Millard v. Martin

68 A. 420 | R.I. | 1907

This is a bill in equity brought to enforce the specific performance of a written contract, dated April 4, 1905, to sell certain lots of land owned by the defendant Plain W. Martin, for three hundred dollars, twenty-five of which were paid on the execution of the contract. At the time the contract was executed the lots were subject to a recorded lease held by the defendant the Providence Ice Company, which contained a covenant giving the lessee an option *495 to purchase the land at the price of twelve and one-half cents per square foot, which amounted to $742.12. The defendant Martin refused to convey according to the agreement, on the ground of the existence of this covenant in the lease. The complainant insisted upon the fulfillment of the agreement and, upon the persistent refusal of the defendant Martin to convey, brought this bill. Subsequently to the making of the agreement, March 25, 1905, the defendant the Providence Ice Company, with knowledge of the transactions between the complainant and Martin, bought the land, and took a deed of the same from Martin, for the sum of three hundred and fifty dollars, and agreed, as a further consideration, to indemnify Martin for any loss and expense which she might incur under her agreement with the complainant. Upon these facts appearing, the bill was amended making the Providence Ice Company a defendant.

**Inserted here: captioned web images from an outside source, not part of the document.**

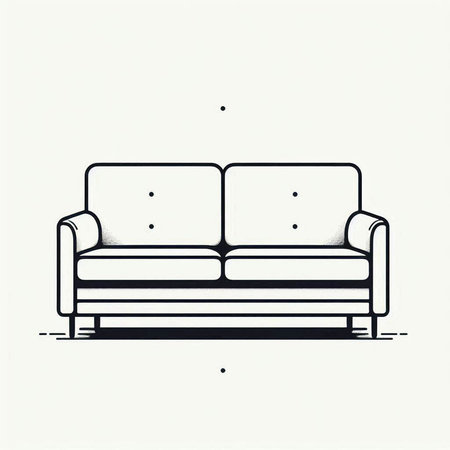 Sofa in line art style. Hand drawn vector illustration.の写真素材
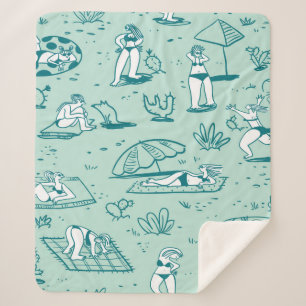 Background with summer beach girls. Seamless patte Sherpa Blanket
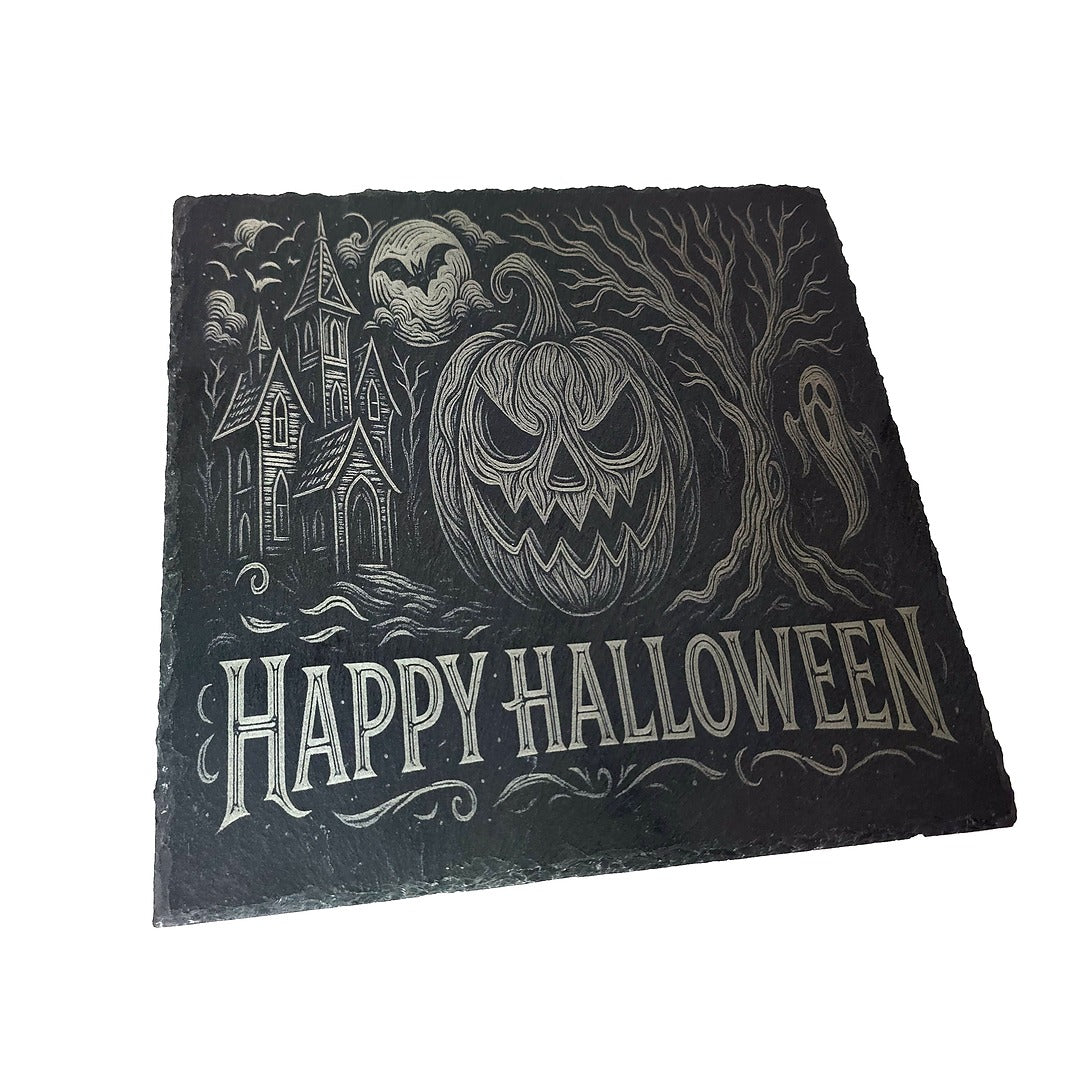 Platou din ardezie gravat laser – „Happy Halloween”
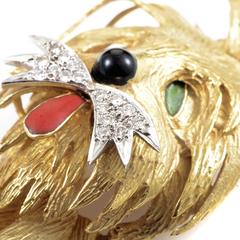 Onyx Enamel Diamond White and Yellow Gold Dog Brooch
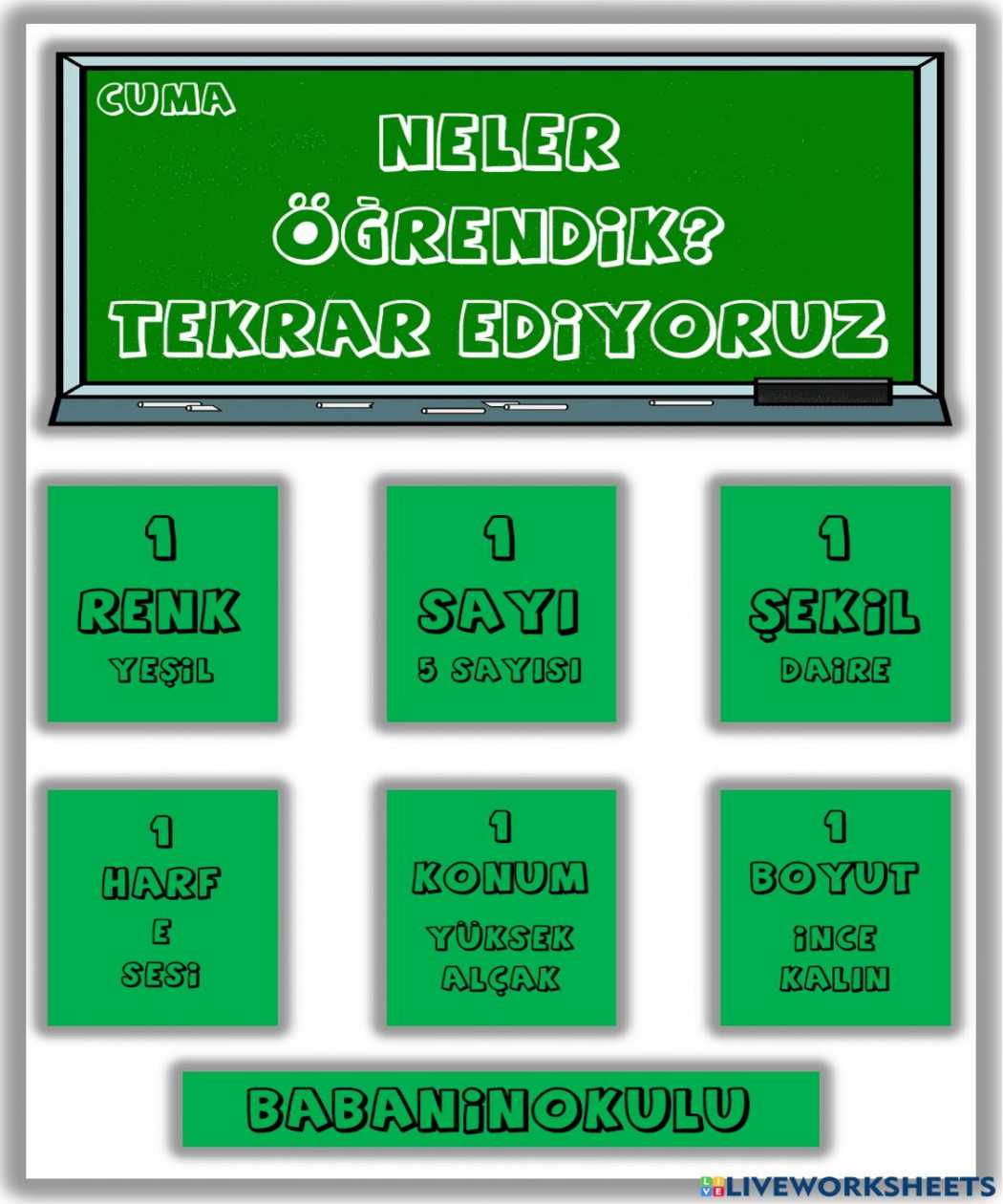 NELER ÖĞRENDİK? – TEKRAR EDİYORUZ – CUMA (28.01.2022)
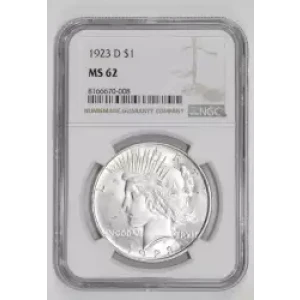 1923-D PEACE DOLLAR NGC MS62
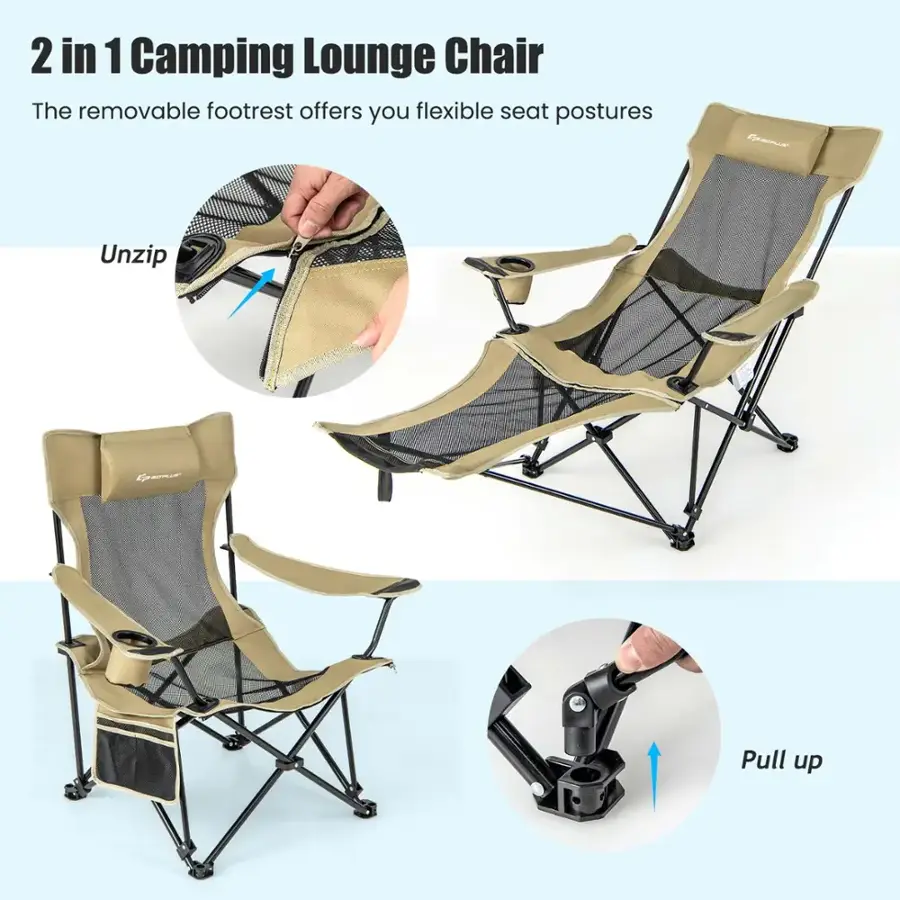 Costway Folding Camping Chair with Detachable Footrest for Fishing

We can not agree with the Superior Court that such a transaction was an acceptance of the option in the lease. The terms of sale were not those which the lessor was bound to accept or the lessee privileged to insist upon, but a new contract not binding upon either until the time when both parties assented to it.

In Falls Wire Co. v. Broderick, 12 Mo. App. 378, 384, the court say: "If an offer is accepted it must be accepted unconditionally. A conditional acceptance is a new offer, which, in its turn, requires acceptance to close the bargain." To the same effect are Langellier v. Schaefer, 31 N.W. 690; Baker v. Johnson Cy., 37 Ia. 186; Cartmel v. Newton, 79 Ind. 1, 8; and National Bank v. Hall, 101 U.S. 43, 50.

Although the land agreed to be sold was subject to the lease and the covenants contained therein, the lessor had the right to sell the reversion to any one who wished to buy. With such an agreement outstanding and in force it was not competent for the lessor and the lessee to vary the terms of the option as they have attempted to do. The complainant had the right, if he chose, to waive the objection to the incumbrance and take such title as the lessor could give. The lessor had no right to refuse to convey if the complainant insisted upon a *496 conveyance. "When parties enter into contracts they know that they do not have the option to rescind without the fault of the other party. The party who has performed or offered to perform his part of the agreement has the choice whether he will sue for and recover damages for a breach of the contract or will insist upon its execution specifically and take such a performance as the other party is capable of making." Harding v. Parshall,56 Ill. 219, 227, citing Waters v. Travis, 9 Johns. 450, 465;Colton v. Wilson, 3 P. Wms. 190; 2 Story Eq. Jur. § 779. The complainant, if the defendant Martin had conveyed the reversion to him, would have stood in the place of the lessor and could have enforced the terms of the lease.

We think, therefore, that the complainant is entitled to the relief which he prays for.

The decree of the Superior Court is reversed, and the cause will be remanded to the Superior Court with direction to enter a decree directing the Providence Ice Company to convey the land in question to the complainant upon payment of balance of the purchase money, and for costs against both defendants.